Evidently Chang is someone who knows how to manage time very well indeed.

Her 2006-2007 performing season includes such highlights as a European tour with the Pittsburgh Symphony under Hans Graf; a North American tour with the London Philharmonic Orchestra, also with Maestro Masur conducting; as well as appearances with American orchestras from Los Angeles, Houston, Milwaukee and New Jersey, in addition to San Francisco.

The Zurich Tonhalle Orchestra and the Israel Philharmonic are also on her play list, along with an extensive United States and European recital tour later in the spring, which will include a Cal Performances recital in Berkeley April 7.

Why such a hectic pace? For one reason, she is thoroughly used to it. She already has 20 years of performance experience under her belt.

Two of her first local solo concert appearances were when she was a bright-eyed child back in the mid-1980s with Barry Jekowsky conducting the California Symphony in Walnut Creek. The first of these featured young Sarah playing the daylights out of the daunting Tchaikovsky Violin Concerto, and a couple of years later, Paganini's showpiece concerto.

The second reason she endures such a demanding performance schedule is that she simply loves being on the concert stage.

"For me, the stage is my home," she said.

She also says she loves the "adrenaline rush" she gets from having a live audience in front of her, as well as the "old-school glamour" of the classical music world with the male performers in tails, the women in beautiful dresses, and the soloist in a gorgeous evening gown.

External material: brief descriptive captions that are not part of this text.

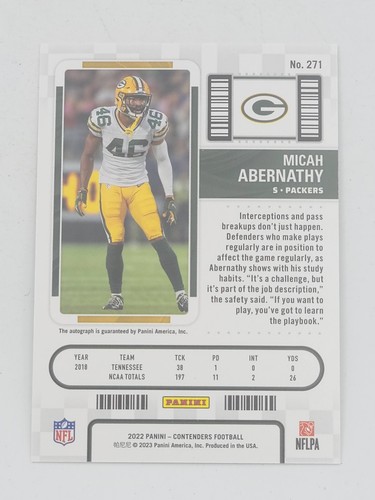Micah Abernathy 2022 Panini Contenders #271 RC Rookie Ticket Auto Packers - Picture 2 of 2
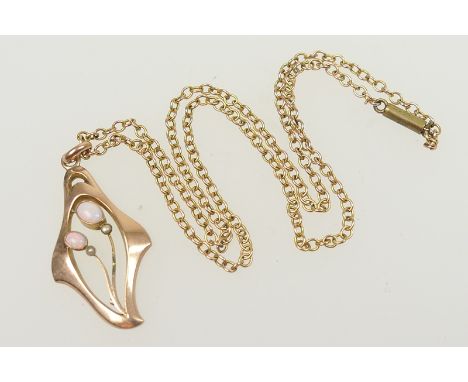 Murrle Bennett & Co. 9ct gold and opal open pendant, of lozenge shape set with two oval opals and two tiny seed pearls, appro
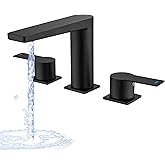 LUOGULIANG Bathtub Faucet Matte Black, 3 Hole High Flow Garden Tub Faucet Set, Roman Tub Faucet with 2 Handle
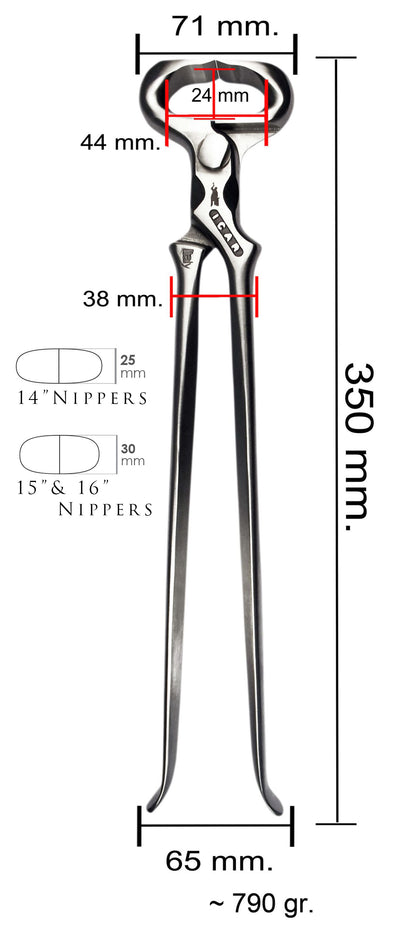 ICAR Classic Smithy Farrier's Horse Hoof Nipper.  High Quality Italian Made.  Available in 14", 15" & 16" lengths.  This is a photo with a schematic measurement over lay.    By Canadian Forge and Farrier Supply.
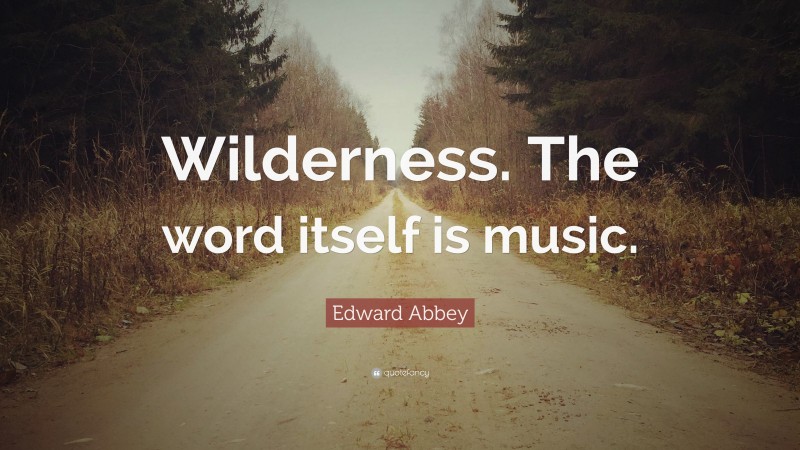 Edward Abbey Quote: “Wilderness. The word itself is music.”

"Every concert is magical," she says. "The whole art form of being onstage is mysterious and fascinating."

Earlier last month, Chang was chosen by Newsweek Magazine as one of the top eight achieving females in the country.

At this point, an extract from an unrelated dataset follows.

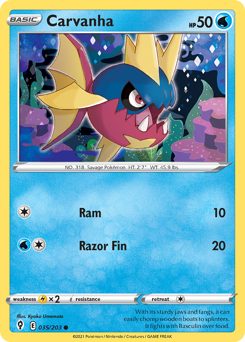 Pokemon Evolving Skies Carvanha - 35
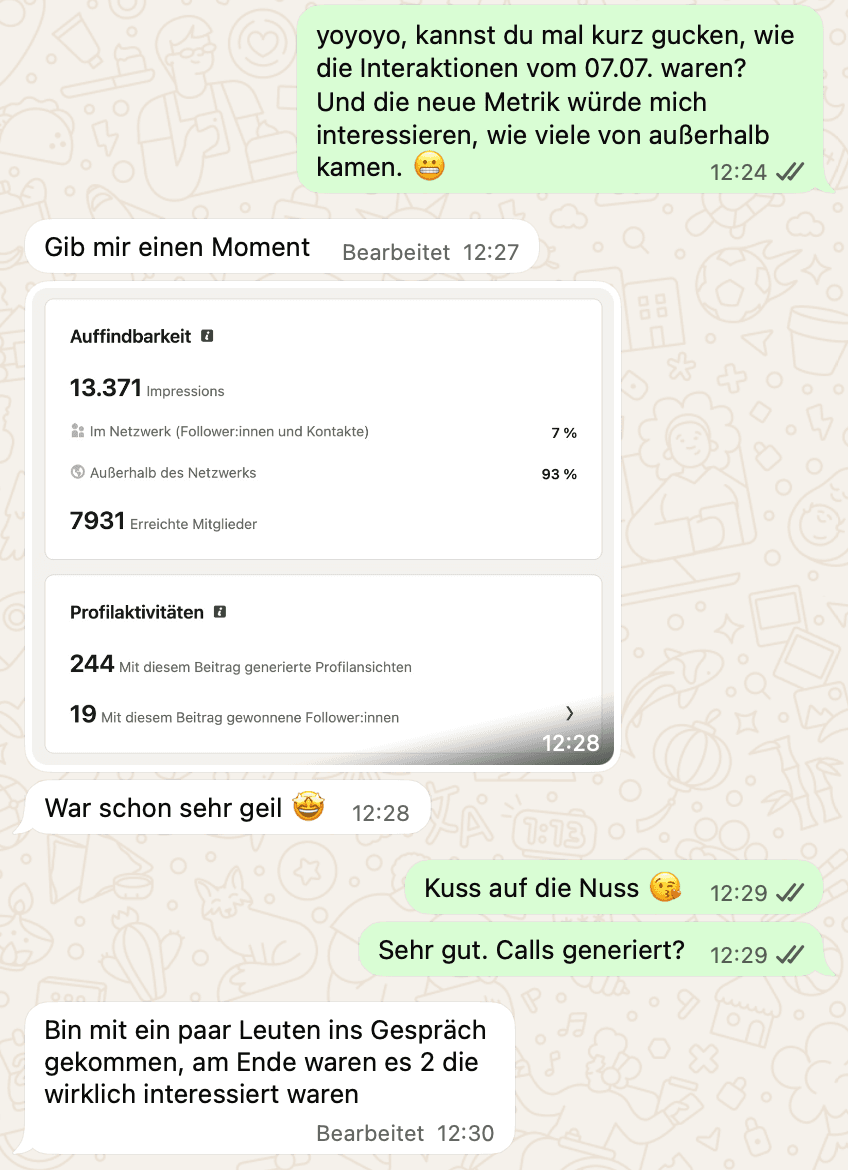 Weiteres Feedback eines Klienten zur Zusammenarbeit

In the article accompanying the announcement, Chang explained that after traveling to a different city every week for most of the year, the stage itself turns out to be the only really familiar place.

During our telephone chat last week, Chang explained why she's chosen the Bruch Concerto, a piece many consider a weathered, sometimes saccharine, old chestnut to play in San Francisco.

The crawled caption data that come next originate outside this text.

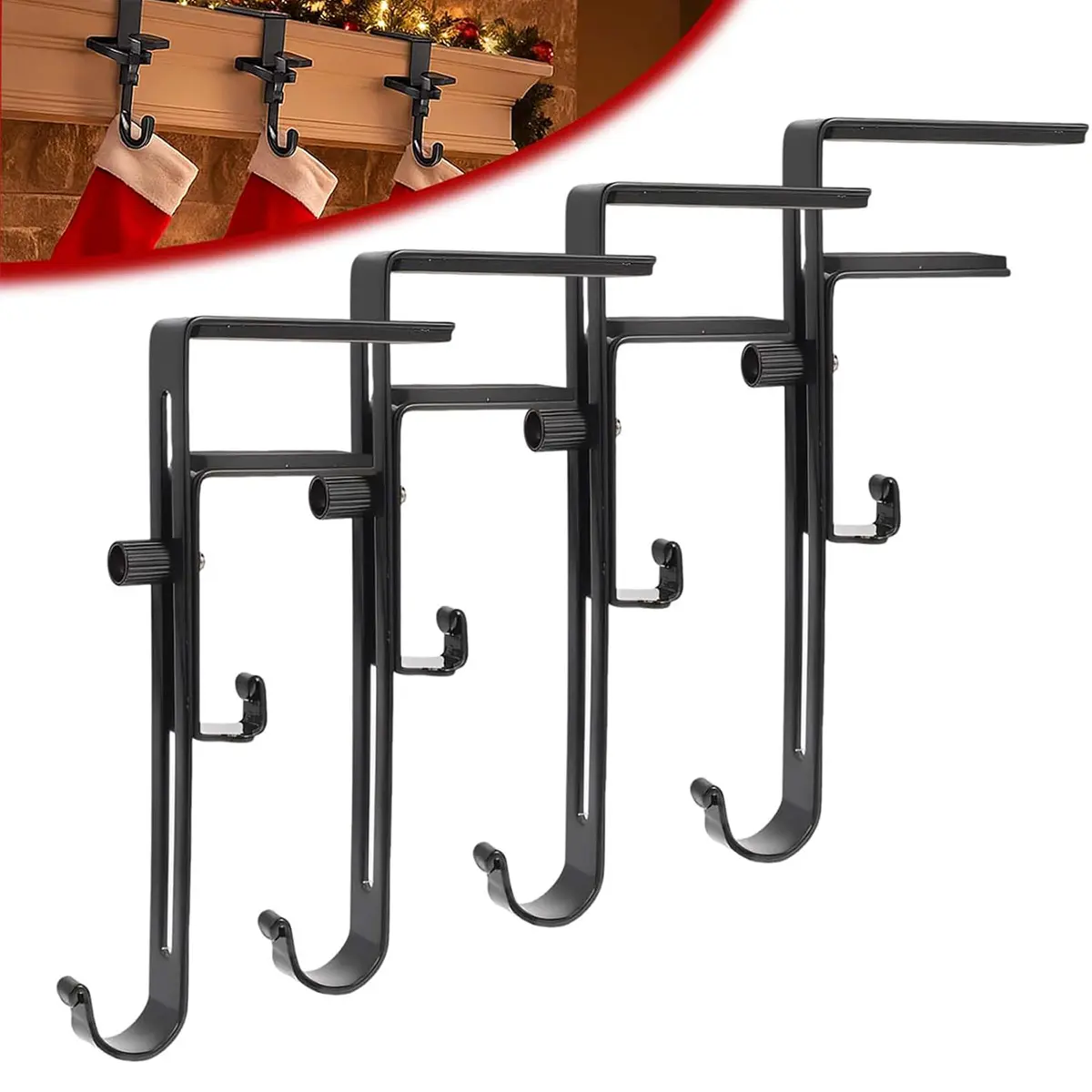 4 Pcs Christmas Stocking Holders for Mantle-Fireplace Stocking Hangers- Metal Christmas Stocking Garland Hooks for Xmas Home Party Decoration (Black)
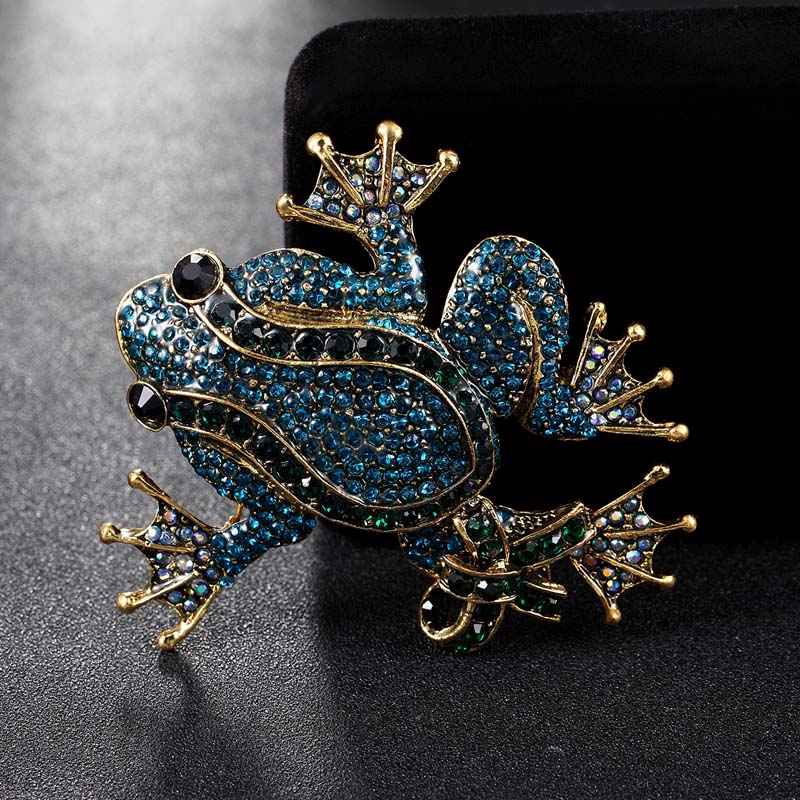 Big Size frog Brooch Men Jewelry Brand Rhinestone Animal Broaches Boutique vintage Men's Statement Pink Brooches Bouquet Broches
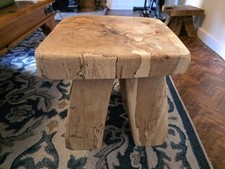 Wooden Stool Rustic Hand Made Home Decor Plant Stool Natral Finish Solid  Wood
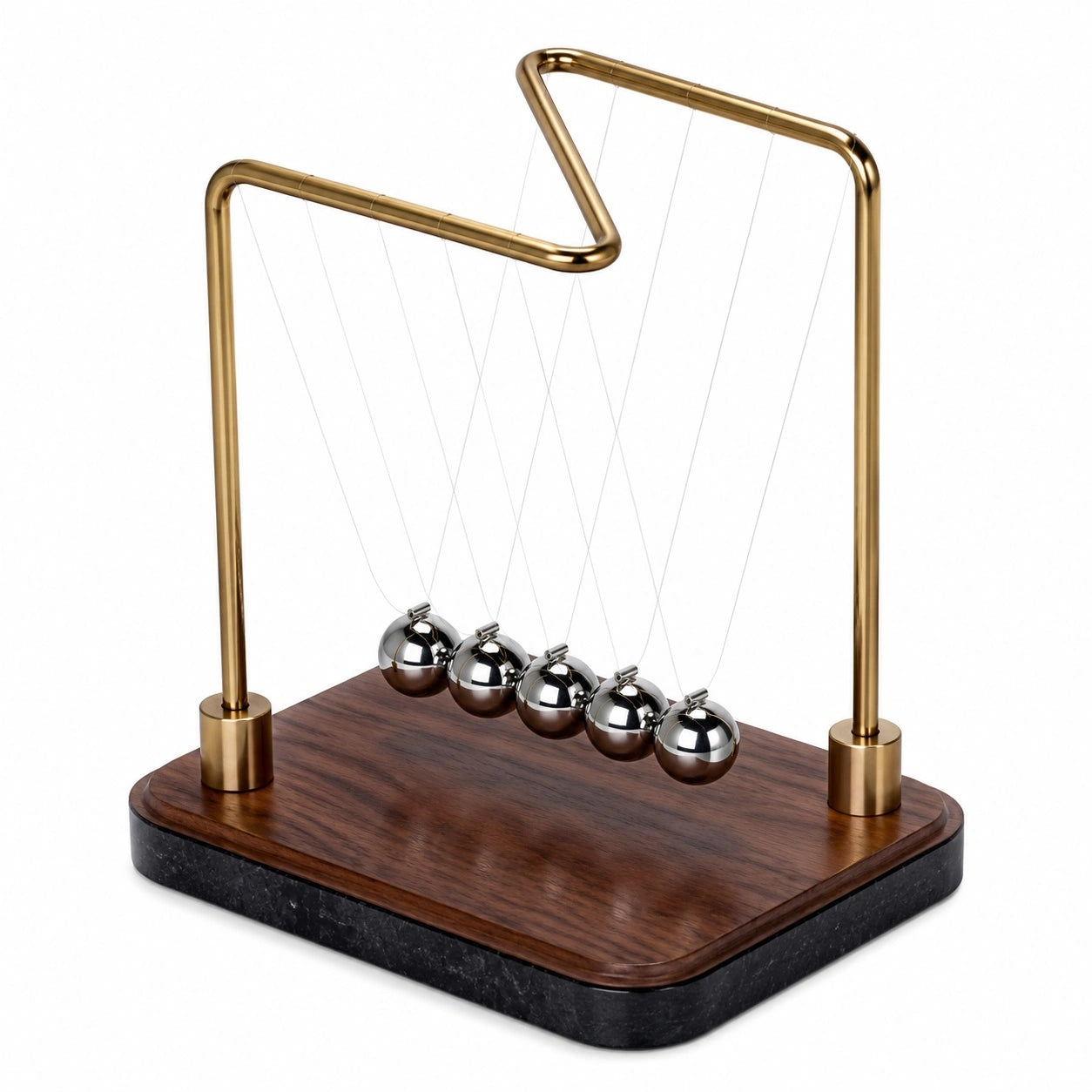 Newtonpendel mit 5 Edelstahlkugeln und Holzsockel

Although she agreed that the piece is almost universally popular, she stressed that "There's a reason why it maintains such an important place in the repertory over the years. It's simply one of the world's very most beautiful, lyrical pieces. I auditioned with it for Juilliard when I was about 5-1/2 years old."

One of her first Juilliard teachers was the great Dorothy DeLay, who also taught Itzhak Perlman. Delay has said that, in many ways, Sarah has always been an adult with regard to her intelligence and maturity.

Another prominent musician who has extravagantly praised Chang was the late Yehudi Menuhin, who once called her "the most wonderful, the most perfect, the most ideal violinist I have ever heard."

Yet during our phone conversation, Chang's voice sounded typically girlish and full of youthful enthusiasm as she named shopping, horseback riding and gliding among her favorite non-musical activities.

"I also love to play tennis with my very athletic 19-year-old brother. He's a freshman at Princeton and the sweetest little kid," she says.

But when the conversation shifted back to music, her voice deepened and took on an immediate maturity.

She said that the Brahms, Sibelius and Shostakovich violin concerti are her current favorites, explaining that, "the Shostakovich, however, is not only one of the most profound, but one of the most punishingly monstrous pieces to play.

While I played through it as a child, I deliberately waited until I was around 21 to tackle it again and just last year, recorded it with Simon Rattle and the Berlin Philharmonic. It is a piece that explores every possible emotion."

When I asked her what she would like to be doing 50 or 60 years from now, she hesitated a few seconds, and then replied, "What I would really love, is to just continue what I'm doing now — not to be labeled as a 'prodigy,' but to be called a 'musicians' musician.' I want not only the audiences, but my colleagues, to enjoy my playing."